**Assignment:** Repeat nothing but the lines below running from the one containing "this 600×400 image." to the one containing "this 480×278 image.". Keep both end lines.

**Supplied records:**
#####

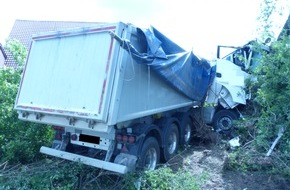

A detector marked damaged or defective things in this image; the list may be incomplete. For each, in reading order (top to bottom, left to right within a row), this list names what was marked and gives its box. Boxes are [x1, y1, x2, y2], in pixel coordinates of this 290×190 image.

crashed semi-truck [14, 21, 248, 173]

#####

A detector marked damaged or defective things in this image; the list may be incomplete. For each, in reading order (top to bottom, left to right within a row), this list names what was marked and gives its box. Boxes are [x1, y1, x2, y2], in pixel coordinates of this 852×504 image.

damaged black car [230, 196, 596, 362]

#####

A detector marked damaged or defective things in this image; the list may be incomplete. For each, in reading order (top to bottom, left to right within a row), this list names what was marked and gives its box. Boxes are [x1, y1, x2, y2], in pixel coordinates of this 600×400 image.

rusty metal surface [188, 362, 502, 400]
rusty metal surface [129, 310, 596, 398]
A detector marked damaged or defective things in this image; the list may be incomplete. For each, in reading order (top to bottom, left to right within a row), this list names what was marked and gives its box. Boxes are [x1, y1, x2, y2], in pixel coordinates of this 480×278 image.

#####

**Exercise response:**
A detector marked damaged or defective things in this image; the list may be incomplete. For each, in reading order (top to bottom, left to right within a row), this list names what was marked and gives its box. Boxes are [x1, y1, x2, y2], in pixel coordinates of this 600×400 image.

rusty metal surface [188, 362, 502, 400]
rusty metal surface [129, 310, 596, 398]
A detector marked damaged or defective things in this image; the list may be incomplete. For each, in reading order (top to bottom, left to right within a row), this list names what was marked and gives its box. Boxes are [x1, y1, x2, y2], in pixel coordinates of this 480×278 image.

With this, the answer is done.